--- HOW TO COMPLETE THIS TASK ---
For this exercise, return exactly the lines of the material below that begin at the one with "Boardwalk Puzzles Route" and stop after the one with "Зажим &amp;quot;крокодил&amp;quot; 5А".

--- RECORDS FOR PROCESSING ---
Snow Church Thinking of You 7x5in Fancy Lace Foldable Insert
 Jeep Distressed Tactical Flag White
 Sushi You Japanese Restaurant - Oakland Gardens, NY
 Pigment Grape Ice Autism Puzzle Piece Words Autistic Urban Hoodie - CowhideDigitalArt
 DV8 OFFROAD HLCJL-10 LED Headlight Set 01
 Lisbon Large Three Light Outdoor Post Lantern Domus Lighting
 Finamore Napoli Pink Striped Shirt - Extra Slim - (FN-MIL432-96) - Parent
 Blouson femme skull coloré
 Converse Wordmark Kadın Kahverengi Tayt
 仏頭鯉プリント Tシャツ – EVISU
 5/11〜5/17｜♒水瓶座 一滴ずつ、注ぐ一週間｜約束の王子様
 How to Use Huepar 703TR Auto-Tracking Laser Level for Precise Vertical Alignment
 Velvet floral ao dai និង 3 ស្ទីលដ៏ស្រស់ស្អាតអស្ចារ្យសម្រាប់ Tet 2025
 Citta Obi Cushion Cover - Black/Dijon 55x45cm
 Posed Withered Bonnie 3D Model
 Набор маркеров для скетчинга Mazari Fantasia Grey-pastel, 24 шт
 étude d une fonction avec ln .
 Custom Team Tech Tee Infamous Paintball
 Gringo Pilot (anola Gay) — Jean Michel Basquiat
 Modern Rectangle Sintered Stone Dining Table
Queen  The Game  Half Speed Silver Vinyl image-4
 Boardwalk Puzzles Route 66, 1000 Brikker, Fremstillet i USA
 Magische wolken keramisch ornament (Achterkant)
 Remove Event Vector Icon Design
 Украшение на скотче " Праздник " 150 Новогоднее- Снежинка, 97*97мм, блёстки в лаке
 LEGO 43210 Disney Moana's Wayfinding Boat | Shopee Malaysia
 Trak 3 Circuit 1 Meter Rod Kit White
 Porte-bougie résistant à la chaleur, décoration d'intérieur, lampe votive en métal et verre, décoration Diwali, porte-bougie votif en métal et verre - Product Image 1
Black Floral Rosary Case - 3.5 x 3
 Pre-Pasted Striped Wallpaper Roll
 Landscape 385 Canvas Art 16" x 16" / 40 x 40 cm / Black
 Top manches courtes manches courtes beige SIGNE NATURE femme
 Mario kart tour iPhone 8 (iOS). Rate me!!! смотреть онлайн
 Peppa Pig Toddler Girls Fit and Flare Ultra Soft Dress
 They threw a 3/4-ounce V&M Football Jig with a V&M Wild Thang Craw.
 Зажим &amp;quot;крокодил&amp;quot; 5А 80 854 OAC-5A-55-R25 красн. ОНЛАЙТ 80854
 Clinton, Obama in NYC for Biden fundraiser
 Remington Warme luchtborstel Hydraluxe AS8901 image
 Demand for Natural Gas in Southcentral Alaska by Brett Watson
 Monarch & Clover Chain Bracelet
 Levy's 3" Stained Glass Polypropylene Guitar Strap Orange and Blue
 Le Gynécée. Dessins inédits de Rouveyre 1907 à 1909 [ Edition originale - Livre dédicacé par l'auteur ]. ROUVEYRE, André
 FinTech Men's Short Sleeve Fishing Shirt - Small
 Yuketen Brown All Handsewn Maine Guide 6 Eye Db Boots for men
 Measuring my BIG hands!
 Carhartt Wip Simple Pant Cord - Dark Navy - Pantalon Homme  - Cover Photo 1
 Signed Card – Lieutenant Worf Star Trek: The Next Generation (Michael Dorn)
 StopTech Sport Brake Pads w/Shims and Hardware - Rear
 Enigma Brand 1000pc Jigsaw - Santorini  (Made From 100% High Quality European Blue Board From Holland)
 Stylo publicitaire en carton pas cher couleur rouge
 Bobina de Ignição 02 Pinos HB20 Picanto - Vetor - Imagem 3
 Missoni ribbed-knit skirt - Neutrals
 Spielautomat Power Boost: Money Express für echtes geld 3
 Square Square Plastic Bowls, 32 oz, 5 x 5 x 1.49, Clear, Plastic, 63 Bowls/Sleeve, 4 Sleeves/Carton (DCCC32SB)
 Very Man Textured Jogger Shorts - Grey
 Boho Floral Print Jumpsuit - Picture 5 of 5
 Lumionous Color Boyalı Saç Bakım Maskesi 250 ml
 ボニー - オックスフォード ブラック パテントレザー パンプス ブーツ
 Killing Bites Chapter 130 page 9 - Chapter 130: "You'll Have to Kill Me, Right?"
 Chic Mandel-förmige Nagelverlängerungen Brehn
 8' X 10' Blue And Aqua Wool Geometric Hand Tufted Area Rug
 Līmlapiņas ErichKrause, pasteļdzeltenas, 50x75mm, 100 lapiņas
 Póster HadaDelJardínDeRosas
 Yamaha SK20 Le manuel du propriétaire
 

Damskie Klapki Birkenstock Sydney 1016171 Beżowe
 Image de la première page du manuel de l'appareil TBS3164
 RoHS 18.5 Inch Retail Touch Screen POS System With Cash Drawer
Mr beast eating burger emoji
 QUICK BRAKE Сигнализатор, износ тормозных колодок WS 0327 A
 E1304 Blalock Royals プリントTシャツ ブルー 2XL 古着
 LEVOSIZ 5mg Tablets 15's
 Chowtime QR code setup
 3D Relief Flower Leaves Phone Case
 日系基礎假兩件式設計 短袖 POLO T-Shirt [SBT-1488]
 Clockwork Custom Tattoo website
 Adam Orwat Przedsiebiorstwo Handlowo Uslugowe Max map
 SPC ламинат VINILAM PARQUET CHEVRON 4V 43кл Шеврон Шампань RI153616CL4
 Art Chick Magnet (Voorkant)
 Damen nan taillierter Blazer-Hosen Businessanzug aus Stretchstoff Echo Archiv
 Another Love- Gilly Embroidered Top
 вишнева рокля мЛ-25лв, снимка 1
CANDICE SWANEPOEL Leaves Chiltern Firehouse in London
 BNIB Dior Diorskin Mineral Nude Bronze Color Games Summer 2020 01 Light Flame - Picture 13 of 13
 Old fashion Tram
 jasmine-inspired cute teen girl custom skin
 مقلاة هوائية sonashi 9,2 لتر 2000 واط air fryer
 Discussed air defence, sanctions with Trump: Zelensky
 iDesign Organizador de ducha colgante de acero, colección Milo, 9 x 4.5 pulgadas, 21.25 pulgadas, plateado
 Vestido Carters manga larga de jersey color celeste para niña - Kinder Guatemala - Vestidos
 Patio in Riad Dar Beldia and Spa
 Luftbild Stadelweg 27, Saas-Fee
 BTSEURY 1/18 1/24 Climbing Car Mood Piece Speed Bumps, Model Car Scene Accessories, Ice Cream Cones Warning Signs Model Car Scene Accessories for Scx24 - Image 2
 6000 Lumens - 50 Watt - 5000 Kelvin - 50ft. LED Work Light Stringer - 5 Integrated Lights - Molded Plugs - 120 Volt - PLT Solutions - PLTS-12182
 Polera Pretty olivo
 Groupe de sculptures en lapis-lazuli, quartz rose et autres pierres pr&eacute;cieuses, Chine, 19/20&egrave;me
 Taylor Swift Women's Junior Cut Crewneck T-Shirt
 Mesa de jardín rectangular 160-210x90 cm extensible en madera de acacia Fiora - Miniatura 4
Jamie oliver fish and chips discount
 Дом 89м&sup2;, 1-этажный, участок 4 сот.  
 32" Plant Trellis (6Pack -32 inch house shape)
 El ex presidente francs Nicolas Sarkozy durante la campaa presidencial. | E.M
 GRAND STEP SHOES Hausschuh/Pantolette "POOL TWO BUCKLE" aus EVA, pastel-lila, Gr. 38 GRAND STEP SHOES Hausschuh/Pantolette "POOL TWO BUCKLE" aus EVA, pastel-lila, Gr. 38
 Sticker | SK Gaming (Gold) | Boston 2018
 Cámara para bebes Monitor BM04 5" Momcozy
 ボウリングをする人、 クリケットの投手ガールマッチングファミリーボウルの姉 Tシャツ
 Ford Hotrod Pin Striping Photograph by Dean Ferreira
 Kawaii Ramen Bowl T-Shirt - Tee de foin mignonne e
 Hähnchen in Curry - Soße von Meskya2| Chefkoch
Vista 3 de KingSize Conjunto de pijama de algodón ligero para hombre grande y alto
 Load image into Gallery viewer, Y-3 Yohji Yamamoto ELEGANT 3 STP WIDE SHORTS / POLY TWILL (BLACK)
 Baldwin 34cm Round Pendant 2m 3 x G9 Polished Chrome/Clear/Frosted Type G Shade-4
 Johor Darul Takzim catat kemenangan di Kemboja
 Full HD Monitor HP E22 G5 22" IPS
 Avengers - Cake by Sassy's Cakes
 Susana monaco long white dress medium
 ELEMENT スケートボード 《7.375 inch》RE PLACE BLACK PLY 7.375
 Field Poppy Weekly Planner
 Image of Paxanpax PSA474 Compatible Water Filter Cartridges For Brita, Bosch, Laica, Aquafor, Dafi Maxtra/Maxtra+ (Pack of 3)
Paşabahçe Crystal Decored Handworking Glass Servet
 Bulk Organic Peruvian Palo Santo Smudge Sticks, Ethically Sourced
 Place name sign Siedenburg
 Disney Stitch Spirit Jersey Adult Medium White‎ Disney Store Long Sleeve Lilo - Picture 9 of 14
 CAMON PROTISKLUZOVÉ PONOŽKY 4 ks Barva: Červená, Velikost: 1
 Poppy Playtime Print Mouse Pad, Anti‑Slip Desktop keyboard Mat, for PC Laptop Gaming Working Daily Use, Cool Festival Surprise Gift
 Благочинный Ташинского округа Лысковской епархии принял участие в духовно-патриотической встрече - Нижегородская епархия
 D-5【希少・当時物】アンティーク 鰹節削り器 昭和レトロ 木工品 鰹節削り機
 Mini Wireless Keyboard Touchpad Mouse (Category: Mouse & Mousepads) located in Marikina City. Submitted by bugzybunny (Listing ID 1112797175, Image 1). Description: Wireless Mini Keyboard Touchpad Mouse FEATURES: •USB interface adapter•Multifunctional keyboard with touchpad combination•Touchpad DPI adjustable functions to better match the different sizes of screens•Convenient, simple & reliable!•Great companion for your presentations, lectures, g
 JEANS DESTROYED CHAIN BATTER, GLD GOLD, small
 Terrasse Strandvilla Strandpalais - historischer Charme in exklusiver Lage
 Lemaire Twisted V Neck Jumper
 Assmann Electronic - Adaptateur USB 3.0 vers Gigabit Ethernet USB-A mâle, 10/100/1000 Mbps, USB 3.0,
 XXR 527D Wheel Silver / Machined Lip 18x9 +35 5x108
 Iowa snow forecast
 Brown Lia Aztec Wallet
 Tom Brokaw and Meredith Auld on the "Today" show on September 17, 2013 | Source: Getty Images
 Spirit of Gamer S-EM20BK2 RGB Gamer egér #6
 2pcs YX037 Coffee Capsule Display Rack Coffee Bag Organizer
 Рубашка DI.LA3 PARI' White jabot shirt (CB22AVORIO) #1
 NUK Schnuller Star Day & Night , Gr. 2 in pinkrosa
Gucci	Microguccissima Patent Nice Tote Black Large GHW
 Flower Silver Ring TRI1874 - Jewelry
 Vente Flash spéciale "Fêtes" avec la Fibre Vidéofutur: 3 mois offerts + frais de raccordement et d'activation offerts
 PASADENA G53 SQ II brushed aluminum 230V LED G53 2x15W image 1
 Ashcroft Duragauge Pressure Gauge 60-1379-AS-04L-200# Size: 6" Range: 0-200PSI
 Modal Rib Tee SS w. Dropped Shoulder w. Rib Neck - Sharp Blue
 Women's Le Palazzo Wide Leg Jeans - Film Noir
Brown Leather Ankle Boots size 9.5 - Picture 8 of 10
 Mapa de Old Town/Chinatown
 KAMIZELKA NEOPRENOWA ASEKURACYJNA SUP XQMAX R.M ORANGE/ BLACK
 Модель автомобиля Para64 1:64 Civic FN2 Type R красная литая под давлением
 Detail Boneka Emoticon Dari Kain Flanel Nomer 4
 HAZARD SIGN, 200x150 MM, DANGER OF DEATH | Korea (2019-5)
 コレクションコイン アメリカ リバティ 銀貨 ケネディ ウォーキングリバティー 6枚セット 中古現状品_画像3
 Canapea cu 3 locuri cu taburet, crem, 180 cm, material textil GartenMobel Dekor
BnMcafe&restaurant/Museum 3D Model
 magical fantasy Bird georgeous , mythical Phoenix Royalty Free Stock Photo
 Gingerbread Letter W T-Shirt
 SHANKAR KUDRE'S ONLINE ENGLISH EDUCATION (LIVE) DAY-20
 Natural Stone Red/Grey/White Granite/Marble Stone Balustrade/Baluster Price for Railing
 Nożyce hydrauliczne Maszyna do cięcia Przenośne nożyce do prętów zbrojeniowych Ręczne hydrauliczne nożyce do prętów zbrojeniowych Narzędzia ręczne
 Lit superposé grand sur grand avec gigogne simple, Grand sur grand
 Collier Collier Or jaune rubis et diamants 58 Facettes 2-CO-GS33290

--- ANSWER TO THE PROBLEM ---
 Boardwalk Puzzles Route 66, 1000 Brikker, Fremstillet i USA
 Magische wolken keramisch ornament (Achterkant)
 Remove Event Vector Icon Design
 Украшение на скотче " Праздник " 150 Новогоднее- Снежинка, 97*97мм, блёстки в лаке
 LEGO 43210 Disney Moana's Wayfinding Boat | Shopee Malaysia
 Trak 3 Circuit 1 Meter Rod Kit White
 Porte-bougie résistant à la chaleur, décoration d'intérieur, lampe votive en métal et verre, décoration Diwali, porte-bougie votif en métal et verre - Product Image 1
Black Floral Rosary Case - 3.5 x 3
 Pre-Pasted Striped Wallpaper Roll
 Landscape 385 Canvas Art 16" x 16" / 40 x 40 cm / Black
 Top manches courtes manches courtes beige SIGNE NATURE femme
 Mario kart tour iPhone 8 (iOS). Rate me!!! смотреть онлайн
 Peppa Pig Toddler Girls Fit and Flare Ultra Soft Dress
 They threw a 3/4-ounce V&M Football Jig with a V&M Wild Thang Craw.
 Зажим &amp;quot;крокодил&amp;quot; 5А 80 854 OAC-5A-55-R25 красн. ОНЛАЙТ 80854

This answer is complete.